What? No smoking gun? Does this whole wrenching affair boil down, then, to an unbridled colonel's renegade sense of duty and an enigmatic admiral's faulty notions about where the buck stops?
The White House has tried to cast it that way. Last November it faced rapid-fire revelations about an unhinged 15-month effort to trade arms for hostages with Iran's saturnine Ayatullah Khomeini. In addition, a plane carrying American gunrunners had been downed over Nicaragua, and the Administration's flat denials of complicity were being revealed as lies. Then Attorney General Edwin Meese stumbled upon the diversion of funds from one enterprise to the other.
At last there was something tangible that the American mind knew how to address: an apparent legal transgression, a scandal involving the misuse of money. The diversion became a diversion of its own, distracting attention from the thornier basic issues involved. The messy, demanding job of weighing a policy -- several policies, really -- and passing judgment gave way to the tidier task of searching for a smoking gun. There was even a ready-made framework from an earlier, dissimilar, scandal: What did the President know?
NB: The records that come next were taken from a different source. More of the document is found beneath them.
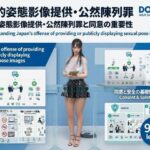 【△20】パンチラガチャ★二階堂 沙耶 大学に進学し強豪予備校『DOPUX（ドピュックス）』で社会人向け講座（性犯罪）を教える名物講師に！（Vol.012:性的姿態影像提供・公然陳列罪）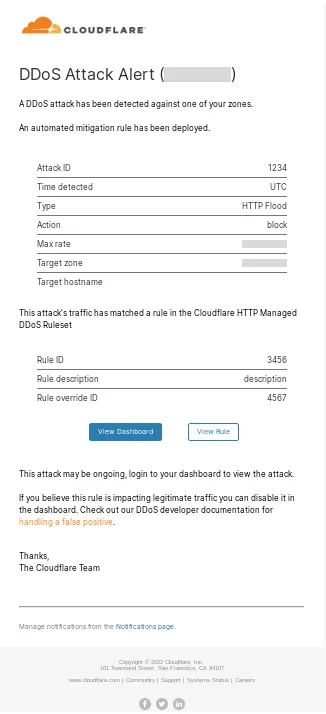 Example notification email of a DDoS attack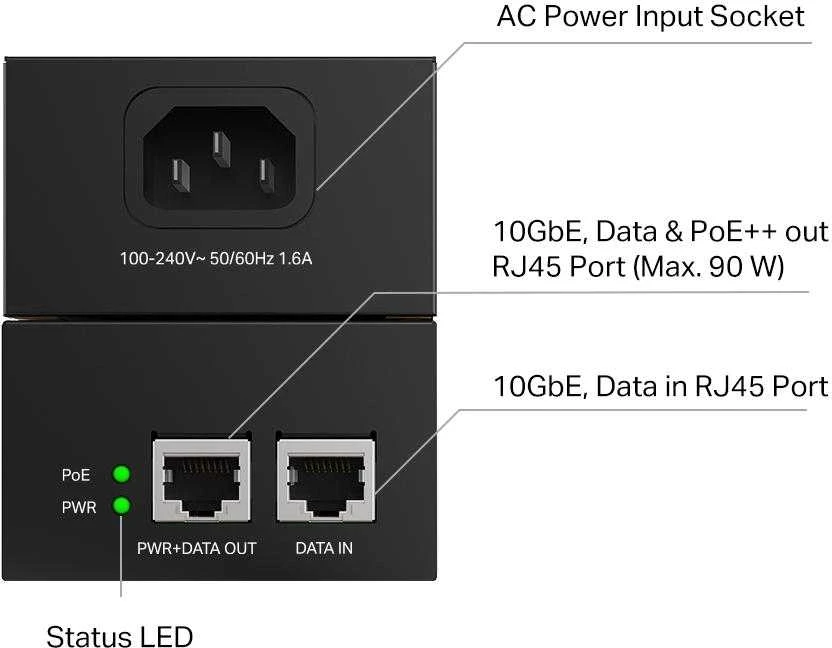TP-LINK Omada PoE++ Injector | POE380S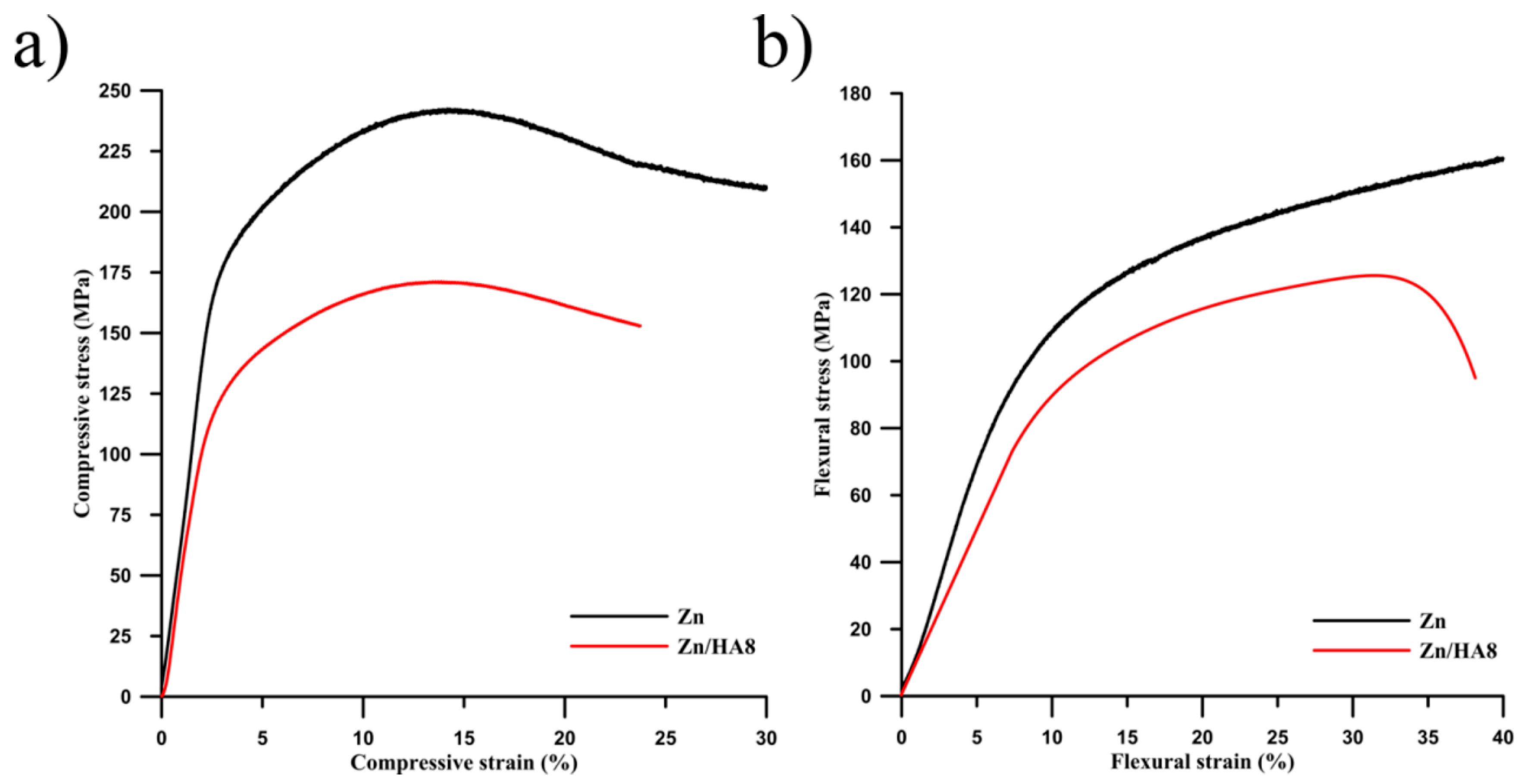 Materials 13 01716 g005
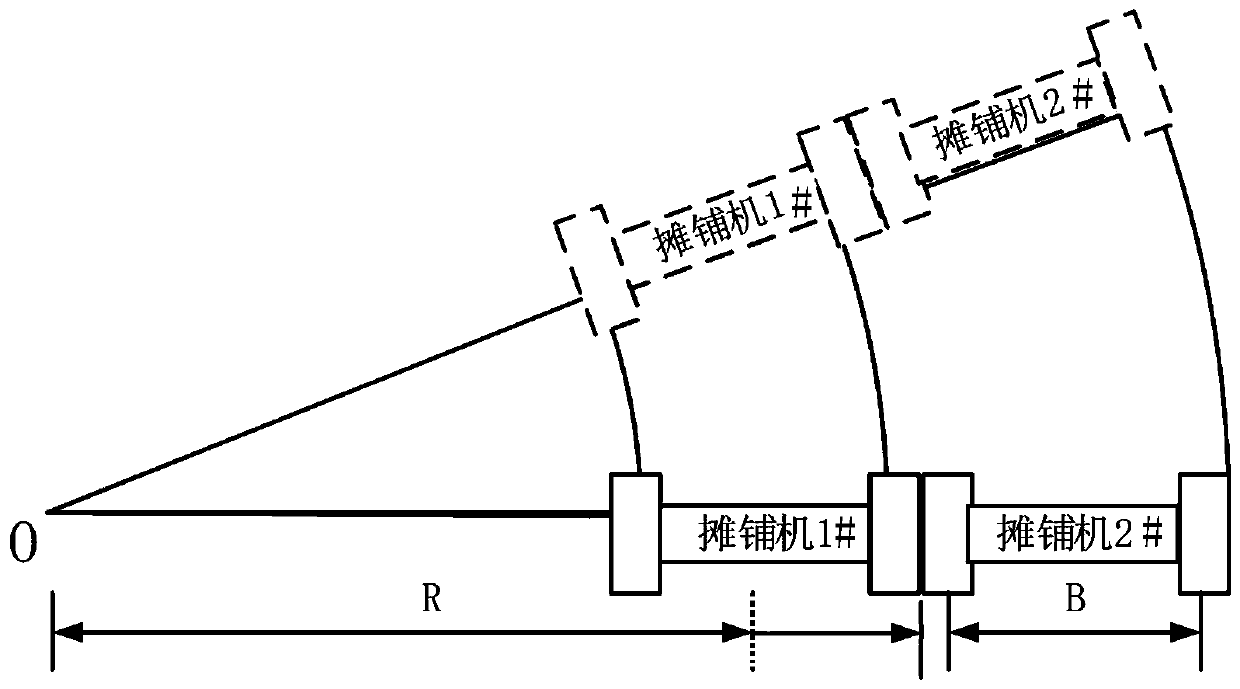 Cooperative operation control system and method of asphalt pavement paver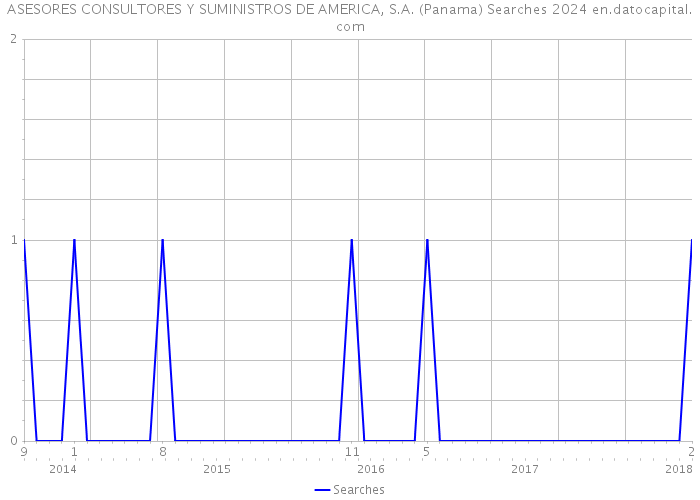 ASESORES CONSULTORES Y SUMINISTROS DE AMERICA, S.A. (Panama) Searches 2024 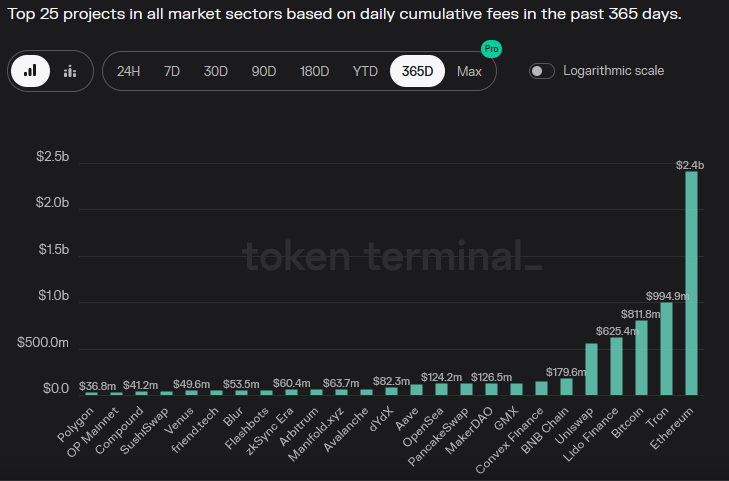 Cumulative fees by different blockchains over last 365 days per Token Terminal.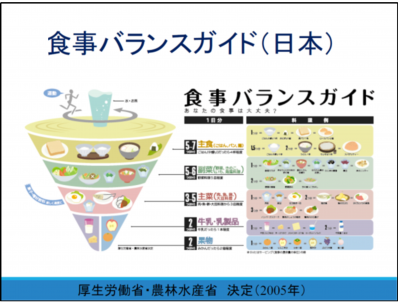 う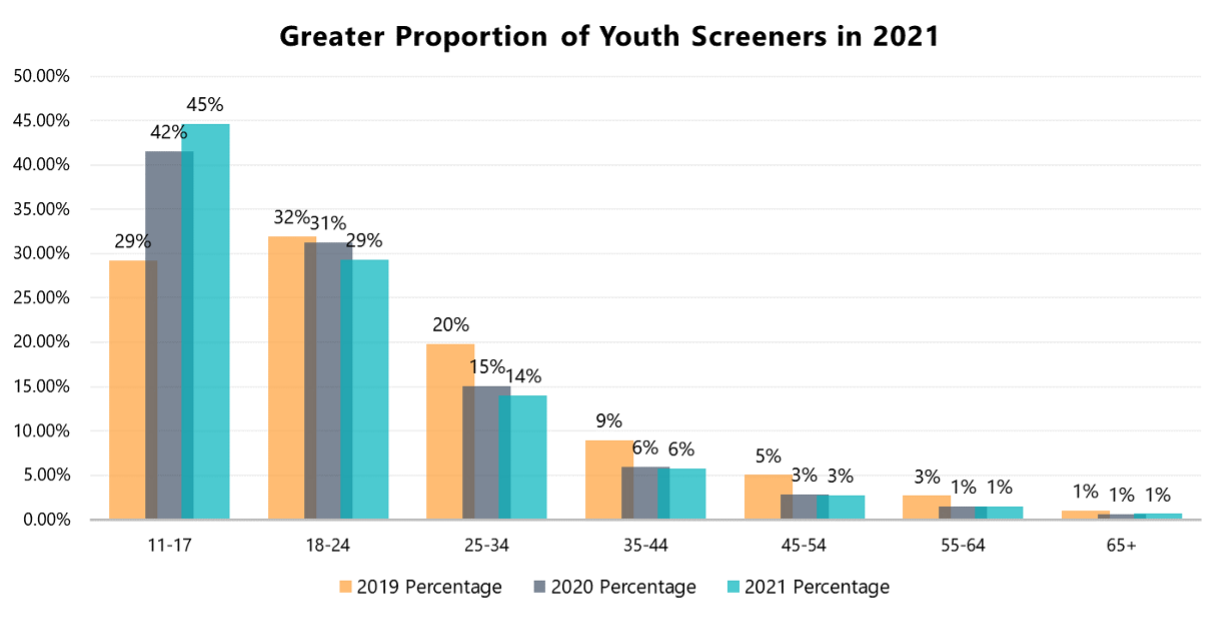 Bar graph comparing the percentage of screeners by age in 2021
Not too much, at least according to Poindexter's testimony. Yet now that most of the evidence is in, the more basic questions about responsibility have become even more troubling. The Iranian arms deals and covert contra supply operations, dubious enough on their own, were part of a larger, even more insidious pattern: the establishment of a runaway foreign policy that relied on lies and deceptions to function outside the rule of law. Could the buck for such an apparatus really have stopped with John Poindexter?
The mere fact that the tranquil-looking admiral could claim that this was the case illustrates what was so dangerously wrong about the Iran-contra operation. At every step of the way, it was designed to avoid the political accountability that is at the heart of American democracy. The authorizations and findings required for the Iranian arms deals either were never sent to the proper officials or were destroyed and conveniently forgotten. Gunrunning to the contras was handled by a network of ragtag profiteers coordinated by a colonel on the National Security Council staff. And the President was, or so his aides say, deliberately shielded from knowledge of the diversion of funds to keep him from being damaged if the operation came to light.
Unlike Oliver North, Admiral Poindexter took the spear of responsibility in his own chest. But through the testimony of both was threaded a common theme: their goal was to cast a shroud of deniability around their activities.